Perhaps i'm mistaken here, but i thought the journey time tolerance is not based on the fastest available transport? As i understood it is a fixed set of values? A journey time tolerance that allows to move some passengers in 1800 over 1000 squares, with coaches and barges, will be irrelevant in 1900, the average speed will be 10 to 15 times higher.


jamespetts

I don't think that I quite follow: why is the private car model one that does not reflect reality? Journey times are in reality an important factor in people's choice of transport, and, for determining whether to use cars or not, an innate preference for using cars is already built in (which is substantially reduced in the case of congestion). I am also a little confused as to why car ownership should be relevant only in larger games; why are they distinct in that respect from smaller games? A (good) player might be able to get better speeds, but, as stated above, passengers in Simutrans-Experimental have an innate preference to use their car that speed alone cannot overcome (although it helps). As for balancing the levels of car ownership, that is done quite simply by using real figures.

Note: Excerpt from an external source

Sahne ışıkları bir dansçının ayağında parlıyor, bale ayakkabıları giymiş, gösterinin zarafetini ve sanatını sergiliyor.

In terms of comfort, it is not just a matter of getting the average comfort of the rolling stock of the line: it must be multiplied by capacity, overcrowding taken into account, and then the combined comfort of the whole journey calculated by taking the comfort of each leg, multiplying it by the journey time of that leg, and dividing the whole thing by the total journey time. If comfort is a relevant factor in choosing player transport over private cars, however, it seems rather arbitrary that it is not also used (where its use would be equally important) in deciding the best route to take (as the route-finding system for player transport currently works only on journey time). So, if it was implemented for cars but not for comparing modes of transport, a public transport option with a journey time of three hours and five minutes and an average comfort of 75 would be preferred to a public transport option of three hours and ten minutes with an average comfort of 145. It would be unfair on the player, then, if that three hour and five minute journey at comfort 75 would be the basis of comparing with car transport when there is a three hour and ten minute journey with a comfort of 145.

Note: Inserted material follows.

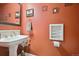 Stylish half bath with an ornate mirror, pedestal sink, and decorative accents with unique orange walls at 10520 W Vassar Dr, Lakewood, CO 80227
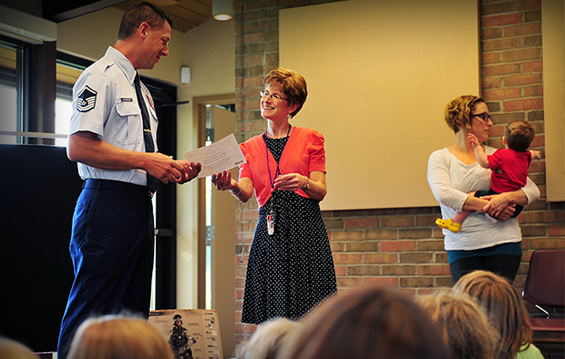Master Sgt. Norman J. Drzewiecki, an information protection manager with the 180th Fighter Wing, receives a certificate of appreciation from Patti Lusher, a librarian at the Waterville Branch Library.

The ideal solution to that would be to include comfort in the process of selecting passenger journeys, not least because comfort was, in reality, an important source of competition: more comfortable rail vehicles were strategically deployed on lines with the greatest competition. The problem is that that would greatly increase the computational load of the routefinding system, one of the most CPU-intensive algorithms in the game. The problem is this: the route finder has to make lots of "is route X better than route Y?" decisions for every route calculated. All the possibilities have to be evaluated for every route found. With one variable, journey time, each comparison is a very simple check to see which of two integers (representing journey time) is larger in size. That is very simple for the computer.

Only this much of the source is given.